LoRA Reference#

LoRA is a parameter-efficient fine-tuning technique that injects trainable low-rank matrices into pre-trained weights, typically around linear layers. Compared with full-parameter fine-tuning, this reduces memory usage and compute cost substantially, making RL fine-tuning of large models much more practical on limited hardware.

In AReaL, this is especially useful for:

  • reinforcement learning with very large models, including 70B+ models, on relatively modest hardware such as 8 x 80 GB GPUs,

  • enabling larger batch sizes because LoRA reduces training memory pressure,

  • simplifying transfer and deployment because only the LoRA adapters need to be saved and shipped,

  • [Future] fine-tune multiple LoRA adapters more efficiently in parallel for better hardware utilization (see RFC #609).

This guide explains how to enable LoRA in RL training and configure the related parameters.

Backend Support#

The current LoRA support matrix in AReaL is:

Engine

vLLM

SGLang

FSDP2

Megatron

Archon

Example scripts:

Engine

Example script

FSDP2

examples/math/gsm8k_grpo_lora.yaml

Megatron

examples/math/gsm8k_grpo_megatron_lora.yaml

Megatron MoE

examples/math/gsm8k_grpo_megatron_lora_moe.yaml

For Megatron + vLLM, AReaL now supports:

  • LoRA fine-tuning on MoE architectures such as Qwen3 MoE with XCCL-based LoRA weight.

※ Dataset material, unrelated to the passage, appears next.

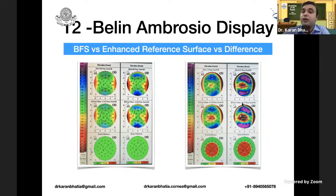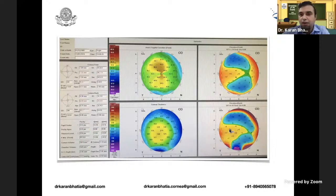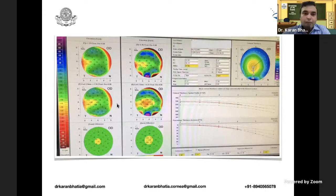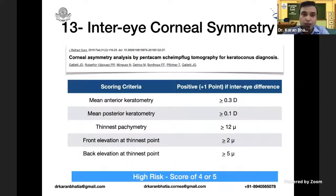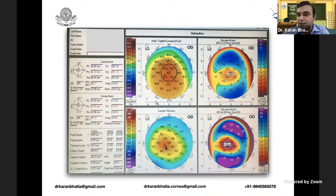Looking at a case: there is an asymmetrical bow tie with superior steepening. Anterior elevation is plus 14, posterior elevation is plus 17 — somewhat suspicious. There is thinning, though not too much. All values are fine apart from the Kmax of 47.9. On the Belin-Ambrosio enhanced ectasia display, there is some posterior elevation. Since keratoconus is a disease that starts from the posterior surface, this is a case of keratoconus. In another example, Kmax is 59.5 with a symmetrical bow tie pattern, elevation on both anterior and posterior surfaces coinciding with the area of thinning — clearly keratoconus.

  • Cross-node LoRA training when the Megatron and rollout groups span multiple nodes.

Core LoRA Parameters#

Parameter

What it controls

Typical values

use_lora

Enables LoRA fine-tuning mode.

true / false

lora_rank (r)

Rank of the low-rank adapters. Higher rank increases capacity and memory/compute cost.

8, 16, 32, 64

lora_alpha

LoRA scaling factor. Effective adapter scale is commonly thought of as proportional to alpha / r.

16, 32, 64

target_modules

Which model submodules receive LoRA adapters. This is the most important architecture-specific setting.

e.g. [all-linear]

peft_type

PEFT method type. In AReaL configs, this is LoRA.

lora

Practical Notes#

  • Start with r=16 or r=32 for most models, then tune upward only if needed.

  • Keep target_modules consistent with your model architecture naming.

  • For Megatron backend, LoRA requires megatron-bridge instead of mbridge.